_Exercise goal_.
The answer must be an exact printing of every record below, with the pictures omitted.

·····

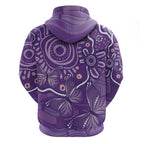 Australia Lupus Awareness Indigenous Hoodie Purple Ribbon Aboriginal Butterflies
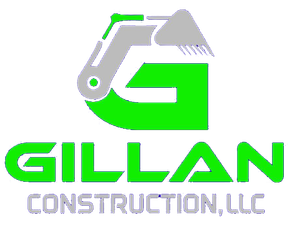 Green and gray Gillan Construction logo with excavator icon.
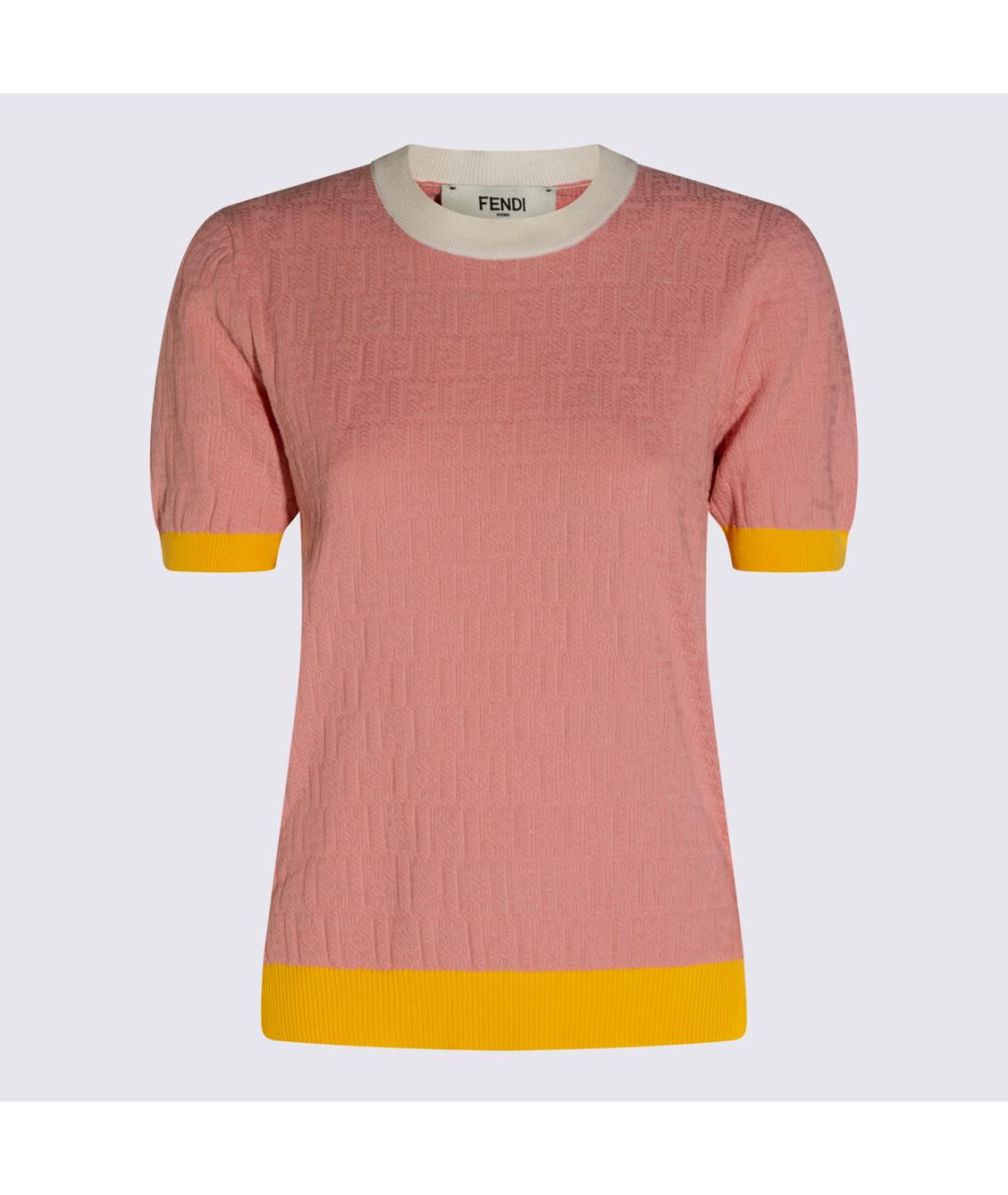 FENDI Розовый хлопковый джемпер / свитер, фото 5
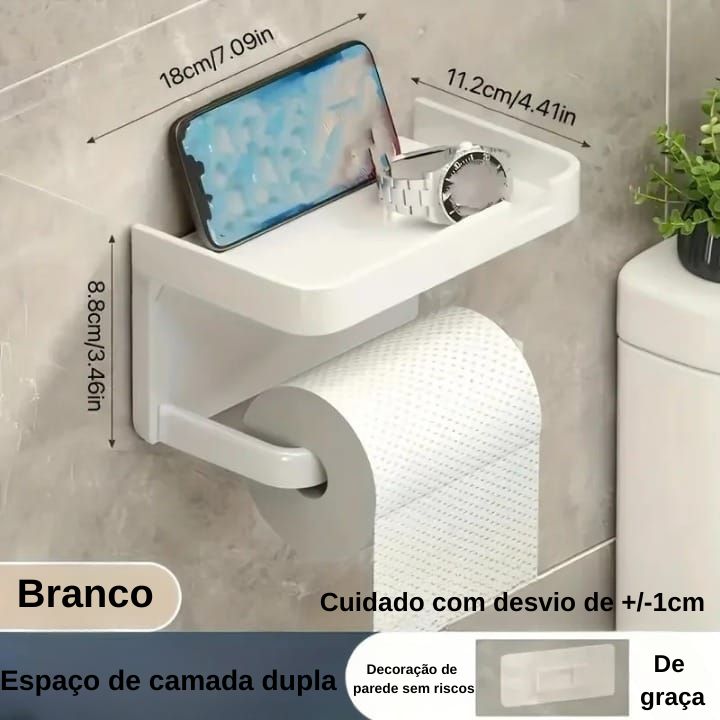 Suporte de Papel Higiênico de Fácil Instalação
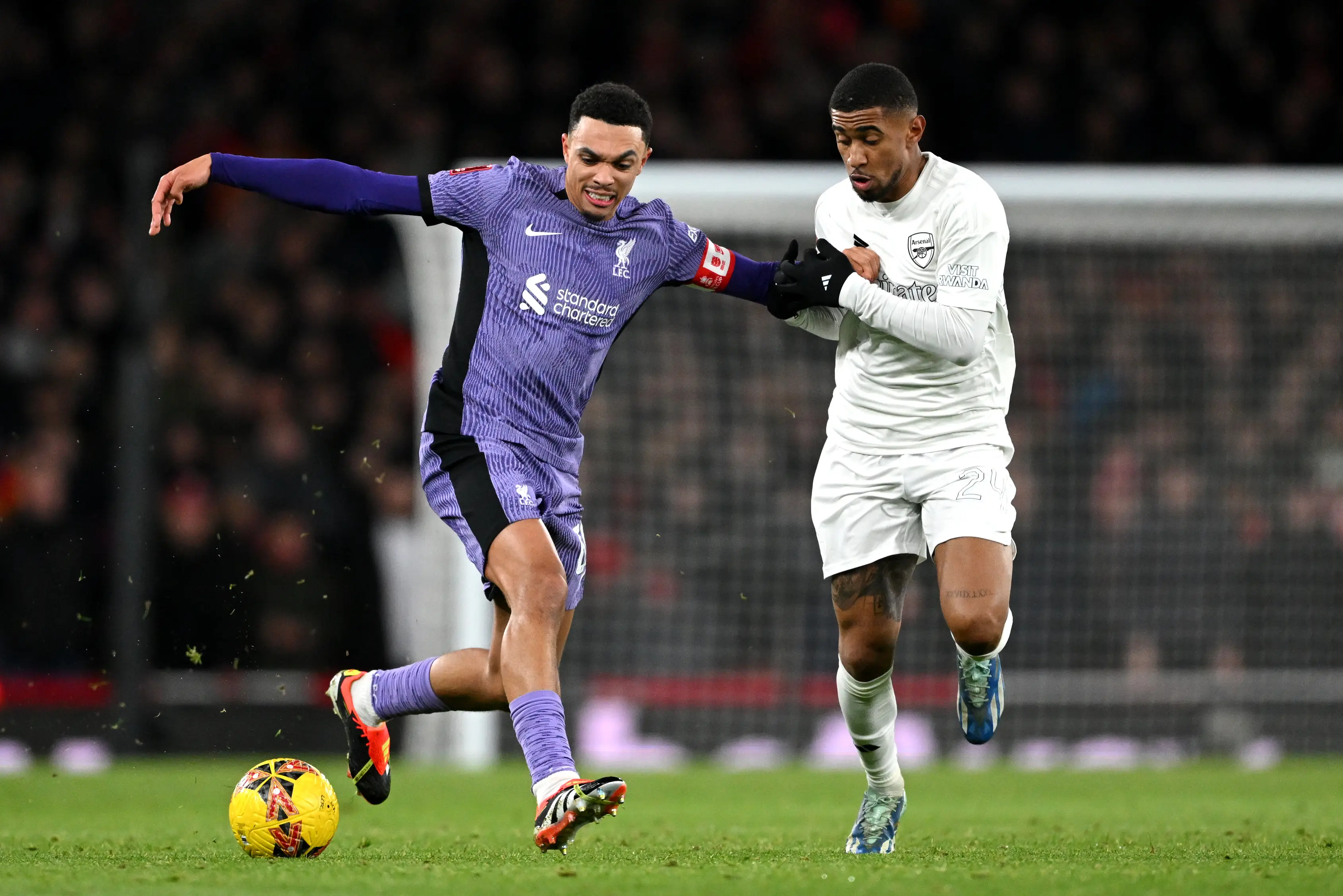 Trent Alexander-Arnold in action against Arsenal. Image: Getty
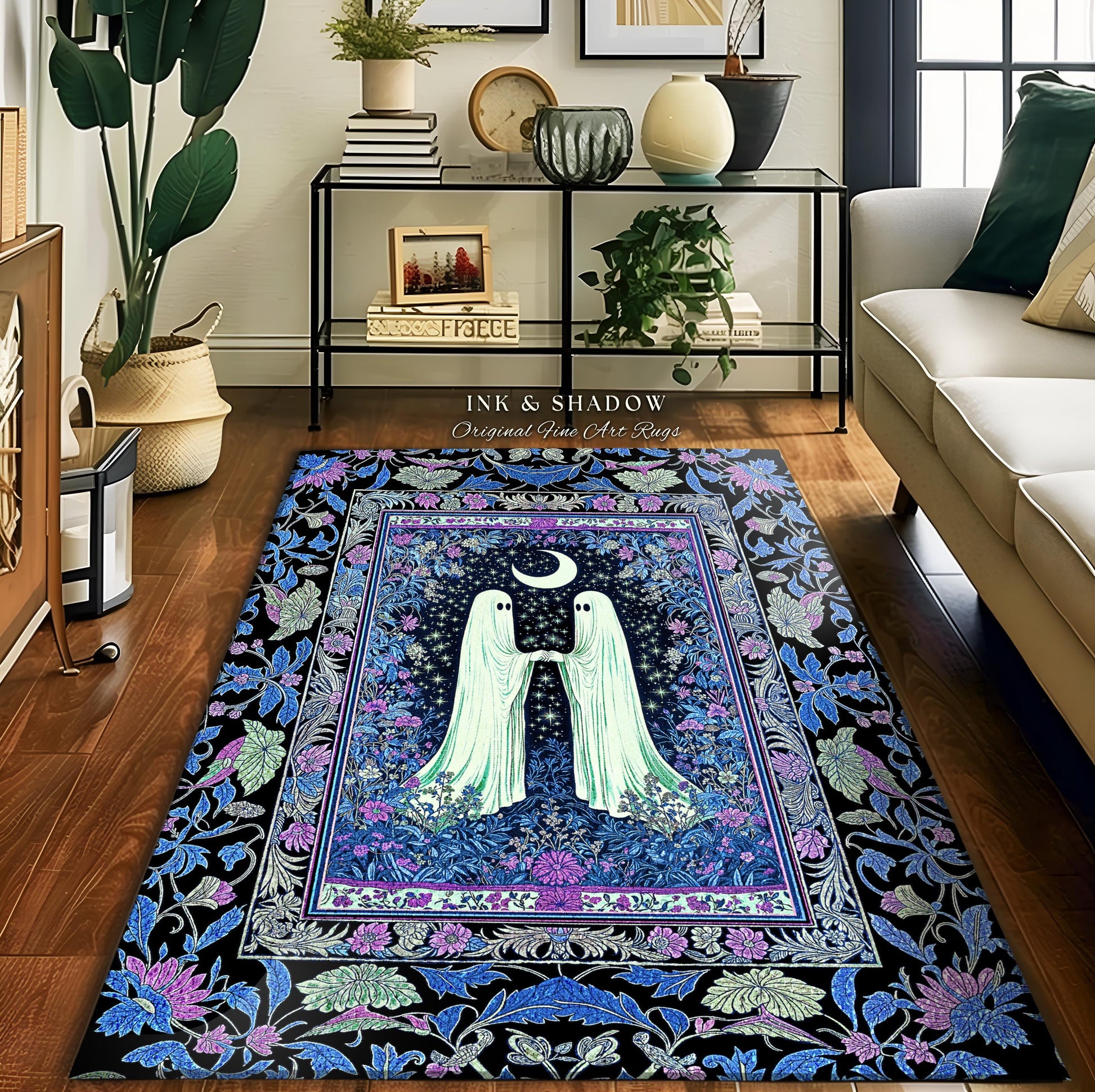 Indigo Lavender Ghost Accent Rug | Cottagecore Celestial Bedroom Decor Whimsigoth Spirits Cozy Retro Halloween Enchanted Night Gothic Style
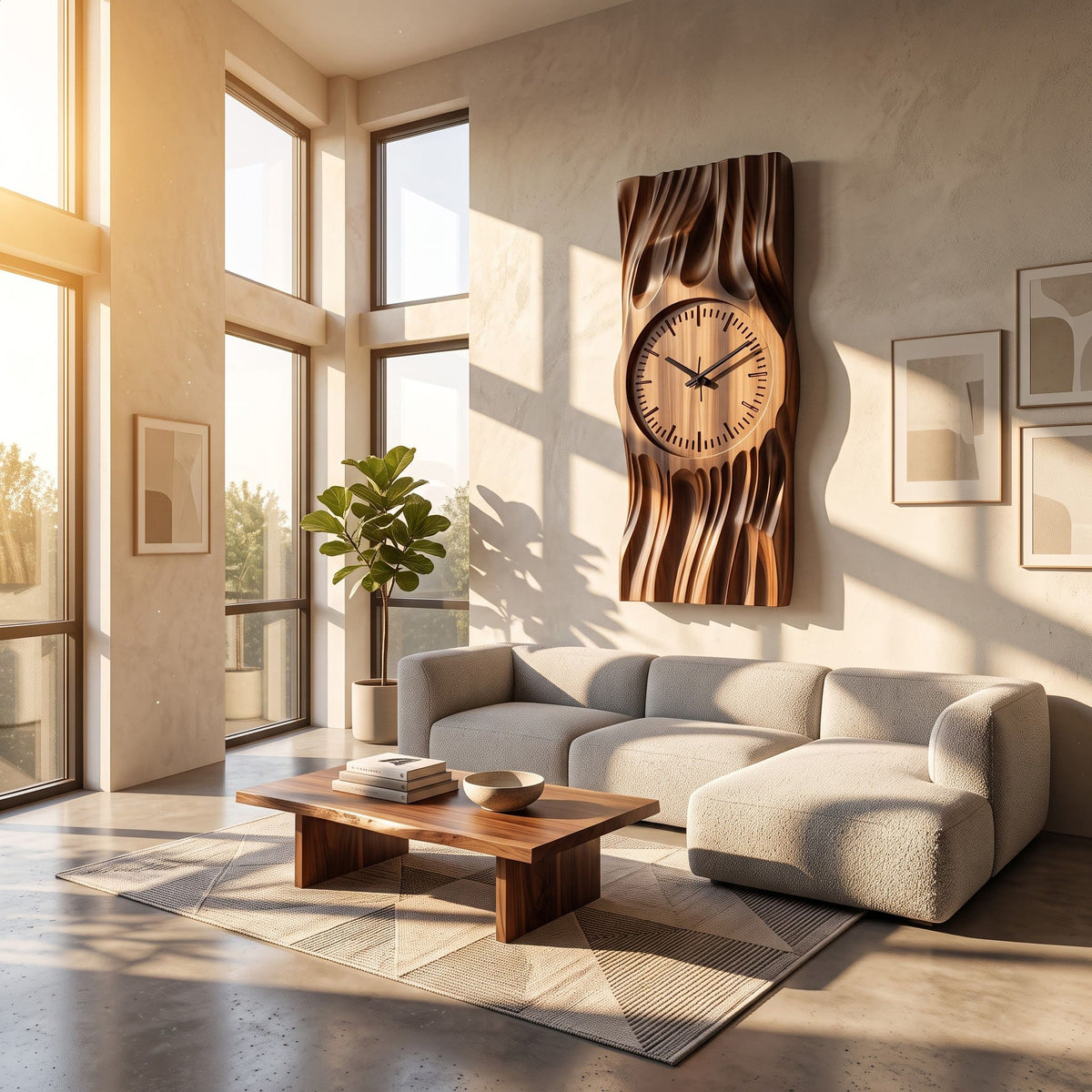 Handwerkliche Wanduhr und 3D-Wellenkunst aus Massivholz, präsentiert in einem eleganten Wohnzimmer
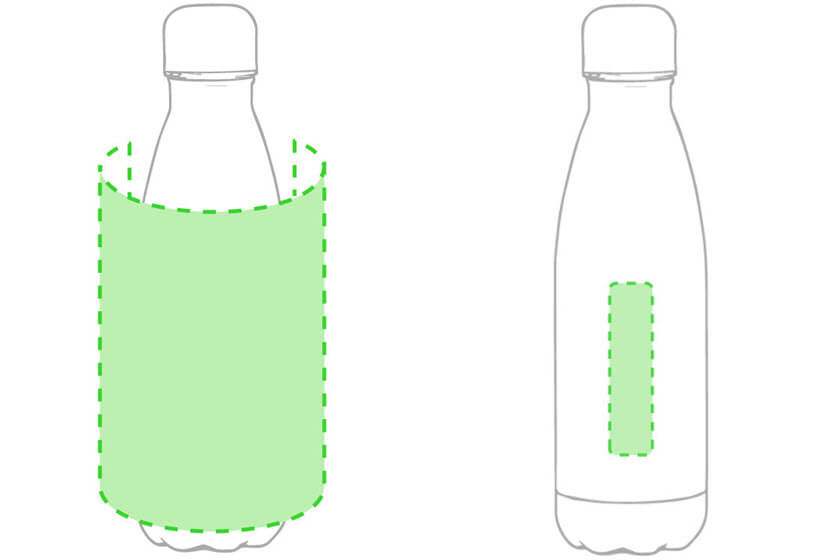 790 ml gekleurde rvs drinkflessen opdruk positie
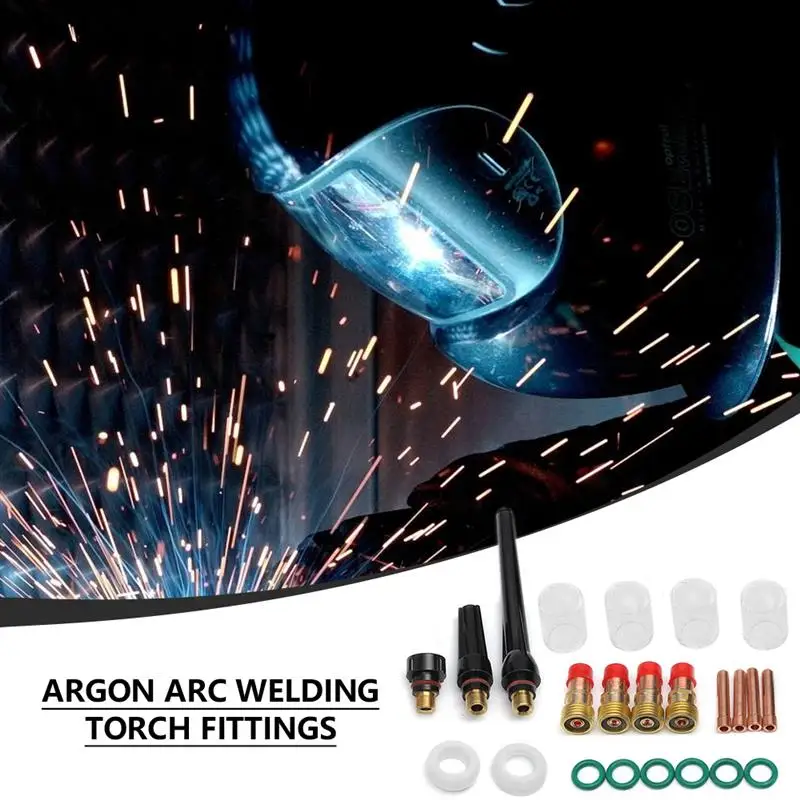 

23 PCS TIG Welding Torch Stubby Collet Gas Lens Pyrex Glass Cup Kit For Tig WP-17/18/26 Torch Welding Accessories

·····

_Problem solution_.
 Australia Lupus Awareness Indigenous Hoodie Purple Ribbon Aboriginal Butterflies
 Green and gray Gillan Construction logo with excavator icon.
 FENDI Розовый хлопковый джемпер / свитер, фото 5
 Suporte de Papel Higiênico de Fácil Instalação
 Trent Alexander-Arnold in action against Arsenal. Image: Getty
 Indigo Lavender Ghost Accent Rug | Cottagecore Celestial Bedroom Decor Whimsigoth Spirits Cozy Retro Halloween Enchanted Night Gothic Style
 Handwerkliche Wanduhr und 3D-Wellenkunst aus Massivholz, präsentiert in einem eleganten Wohnzimmer
 790 ml gekleurde rvs drinkflessen opdruk positie

23 PCS TIG Welding Torch Stubby Collet Gas Lens Pyrex Glass Cup Kit For Tig WP-17/18/26 Torch Welding Accessories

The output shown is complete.